-- Data supplied --
*** Begin section ***

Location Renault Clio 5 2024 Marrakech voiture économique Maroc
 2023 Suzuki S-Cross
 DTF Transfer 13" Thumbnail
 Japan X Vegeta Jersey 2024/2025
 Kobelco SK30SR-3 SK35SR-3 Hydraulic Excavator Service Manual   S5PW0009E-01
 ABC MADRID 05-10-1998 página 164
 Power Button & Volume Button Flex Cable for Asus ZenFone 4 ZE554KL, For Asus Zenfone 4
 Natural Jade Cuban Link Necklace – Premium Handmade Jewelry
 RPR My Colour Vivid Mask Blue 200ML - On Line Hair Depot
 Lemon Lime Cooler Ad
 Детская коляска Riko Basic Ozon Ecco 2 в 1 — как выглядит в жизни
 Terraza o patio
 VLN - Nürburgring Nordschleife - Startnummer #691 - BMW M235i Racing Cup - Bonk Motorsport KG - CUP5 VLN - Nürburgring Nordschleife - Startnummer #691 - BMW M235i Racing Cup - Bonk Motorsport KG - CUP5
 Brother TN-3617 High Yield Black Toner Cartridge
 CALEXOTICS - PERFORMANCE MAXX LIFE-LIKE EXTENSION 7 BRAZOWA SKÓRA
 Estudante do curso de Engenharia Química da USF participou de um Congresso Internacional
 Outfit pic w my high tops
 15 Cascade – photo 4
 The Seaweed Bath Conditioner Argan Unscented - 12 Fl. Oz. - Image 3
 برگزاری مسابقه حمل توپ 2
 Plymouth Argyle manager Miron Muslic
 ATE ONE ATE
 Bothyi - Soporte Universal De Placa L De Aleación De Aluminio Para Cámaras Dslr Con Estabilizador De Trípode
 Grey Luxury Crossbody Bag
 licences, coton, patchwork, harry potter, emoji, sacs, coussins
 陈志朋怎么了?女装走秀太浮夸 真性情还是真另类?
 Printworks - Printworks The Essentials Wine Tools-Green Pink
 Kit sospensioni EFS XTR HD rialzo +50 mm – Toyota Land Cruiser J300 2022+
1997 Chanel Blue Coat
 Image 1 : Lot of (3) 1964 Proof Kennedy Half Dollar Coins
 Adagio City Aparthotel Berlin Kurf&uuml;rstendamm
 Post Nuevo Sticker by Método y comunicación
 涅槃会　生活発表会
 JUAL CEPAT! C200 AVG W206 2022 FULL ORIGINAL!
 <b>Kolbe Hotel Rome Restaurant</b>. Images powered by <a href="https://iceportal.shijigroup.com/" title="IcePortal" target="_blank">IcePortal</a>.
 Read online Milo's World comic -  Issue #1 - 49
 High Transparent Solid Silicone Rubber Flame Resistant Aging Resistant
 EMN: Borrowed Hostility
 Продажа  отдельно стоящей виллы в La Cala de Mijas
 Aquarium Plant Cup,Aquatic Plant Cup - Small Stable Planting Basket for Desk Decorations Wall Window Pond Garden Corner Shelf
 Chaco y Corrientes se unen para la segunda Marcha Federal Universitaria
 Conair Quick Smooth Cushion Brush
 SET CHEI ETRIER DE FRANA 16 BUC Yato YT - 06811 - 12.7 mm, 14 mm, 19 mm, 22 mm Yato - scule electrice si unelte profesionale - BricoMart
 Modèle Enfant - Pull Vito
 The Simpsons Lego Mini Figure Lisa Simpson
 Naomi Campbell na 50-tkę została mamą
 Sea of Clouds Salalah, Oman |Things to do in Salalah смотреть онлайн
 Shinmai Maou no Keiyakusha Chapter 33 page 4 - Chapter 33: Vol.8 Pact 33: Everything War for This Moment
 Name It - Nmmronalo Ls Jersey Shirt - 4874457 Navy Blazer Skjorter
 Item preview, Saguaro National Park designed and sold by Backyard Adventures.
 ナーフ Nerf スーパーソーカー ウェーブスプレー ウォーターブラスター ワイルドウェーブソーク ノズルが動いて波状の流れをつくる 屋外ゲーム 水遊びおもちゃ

*** End section ***

-- About this task --
Write the opening line of the data above and every line after it, exactly, stopping once you have written the line with "Lemon Lime Cooler Ad".

-- Result --
Location Renault Clio 5 2024 Marrakech voiture économique Maroc
 2023 Suzuki S-Cross
 DTF Transfer 13" Thumbnail
 Japan X Vegeta Jersey 2024/2025
 Kobelco SK30SR-3 SK35SR-3 Hydraulic Excavator Service Manual   S5PW0009E-01
 ABC MADRID 05-10-1998 página 164
 Power Button & Volume Button Flex Cable for Asus ZenFone 4 ZE554KL, For Asus Zenfone 4
 Natural Jade Cuban Link Necklace – Premium Handmade Jewelry
 RPR My Colour Vivid Mask Blue 200ML - On Line Hair Depot
 Lemon Lime Cooler Ad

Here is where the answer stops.